His face was no more than an inch from mine. I could smell his cologne, the sweetness of caramel mixed with cedar. Taking in a slow, deep breath, I let the aroma fill my lungs. It took me some place else, to a kinder place, a place that wasn’t so dark anymore.
I could feel my body coming alive. The warmth in my belly spread up my chest and down my legs. My fingertips were tingling right down to the very edge. A rush of fire burned across my cheeks, making my face feel so hot.
“What are you doing?” I asked as Salt pressed in even more, our mouths so close to touching I wasn’t sure what to do.
“Shh,” he hushed me silent as he shifted his face to rest his cheek against mine. “This isn’t for me, it’s for you.” Moving his hands down my face, he pushed his fingers into the hair at the base of my head, softly massaging my scalp. “All you ever feel is pain, you deserve something good for once.”
My eyes closed instantly, head rolling side to side as my body tingled. Moaning lightly, my head fell back naturally as his fingers became more intense, more needy, tugging at my roots.
But it wasn’t harsh, it wasn’t rough. It was the most erotic touch I had ever experienced. Goosebumps tore their way down over my skin, my nerves exploded, flooding my body with heat that zipped from head to toe.
Pushing the hair away from my face and off my shoulder, Salt kissed my neck, fluttering kiss after kiss up my throat, never missing one inch of exposed skin.
There were no words between us as his hands kept exploring, caressing, finding these little nooks I didn’t know existed. I never could have imagined that a touch could be euphoric, an aphrodisiac to my brain.
But his touch was.
The tips of his fingers worked their way down my ribs, finding the edge of my shirt and pulling it over my head. His lips grew more intense, kissing across my collarbone and my shoulders.
Lowering his hands to the trim of my pants, he pulled them down over my hips, gently lifting one leg at a time to help me out of them. And I let him. I didn’t fight him off, I didn’t tell him no.
I wanted it. I wanted more of it; more touch, more kisses, more of him.
Because this wasn’t about money, it wasn’t about pleasing Virgo or doing what I had to in order to stay above water.
Right then, it felt we were just two people. Two people that crossed paths, two people that were about to find pleasure in a world that was void of it. I shouldn’t have wanted this man, I shouldn’t have wanted to be touched by this man or any man at all.
And yet, I didn’t want to stop him.
I had one night, just one night to not be Ash, to not be that girl bought by sex driven greed. I had one night to be free.
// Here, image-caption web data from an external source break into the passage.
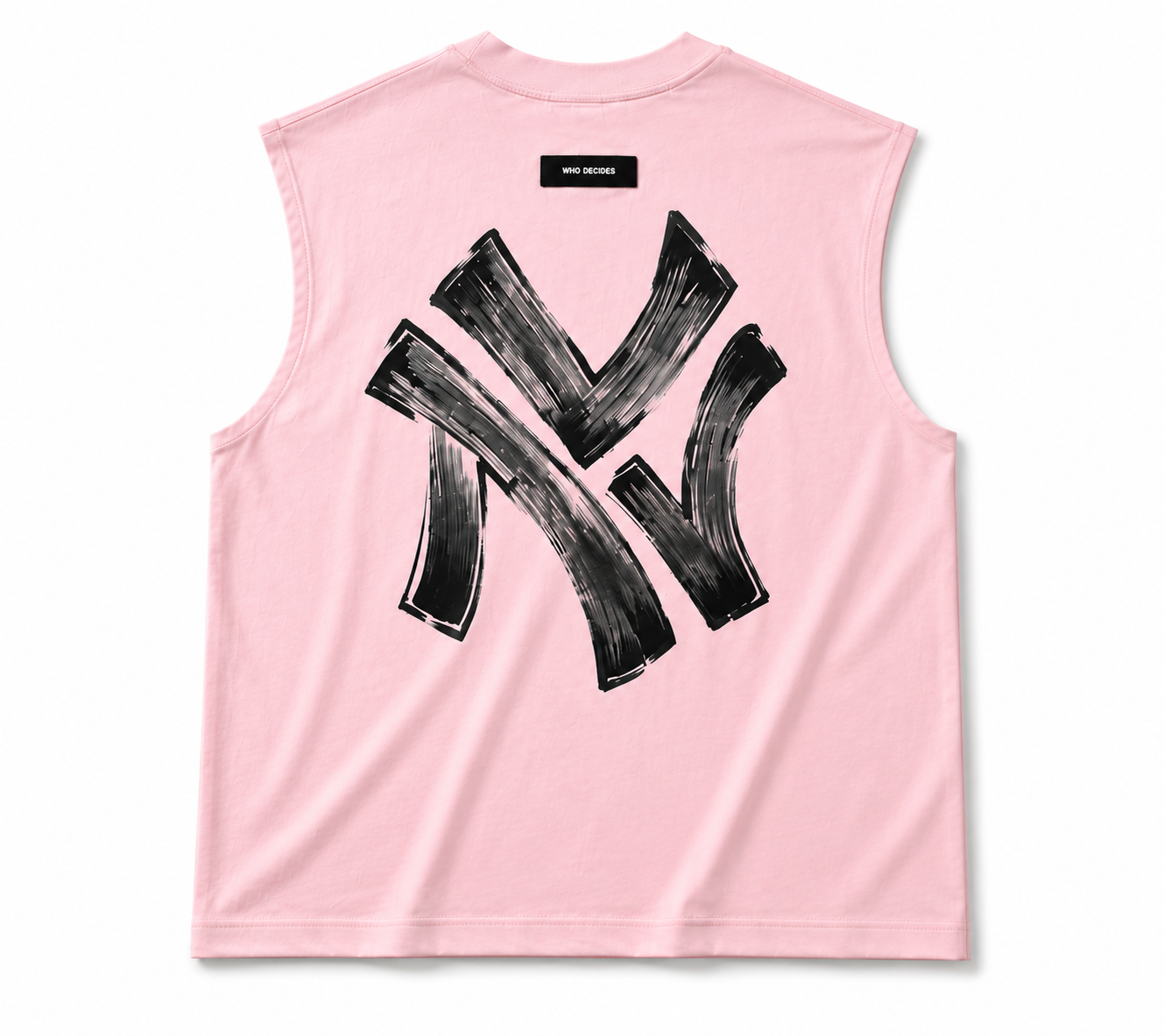 Pink Graphic Sleeveless Muscle Tee – Brushstroke Edition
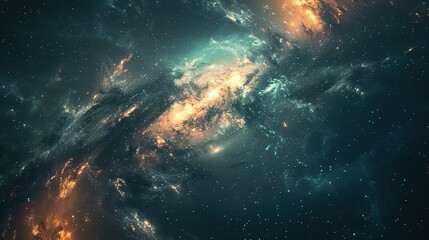 Star-Filled Universe with Nebulae and Galaxies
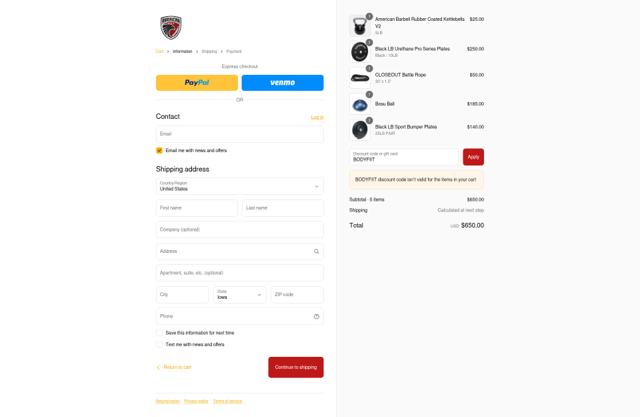 American Barbell checkout page showing American Barbell discount code box | Screenshot taken by SimplyCodes community member on Aug 31, 2025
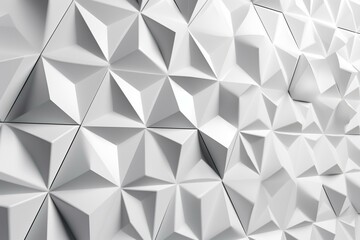 Light Modern Surface with Tetrahedrons. White, Geometric 3d Texture. Generative AI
Wrapping my arms around his neck, he looked down on me and smiled, slowly pulling them away. Taking a step back, I watched his eyes as they explored my body, devouring me with just a look.
Curling one hand over my belly, I looked down at the floor, suddenly embarrassed. I wasn’t sure why I felt that way. It came out of nowhere, another feeling I wasn’t used to having.
It was the way he looked at me. His eyes still and feverish, moving up and down, but always coming back to my eyes.
Biting his bottom lip, he pulled my arms away from body, and braided our fingers together. “Don’t hide, you don’t need to. You’re beautiful, too beautiful for this world. You’re like a lost angel that took a wrong turn.”
My cheeks blushed as his eyes moved around my breasts, trailing down my stomach and over my mound. My muscles were shaking, my lungs were struggling to keep steady.
What is this? What’s happening to me?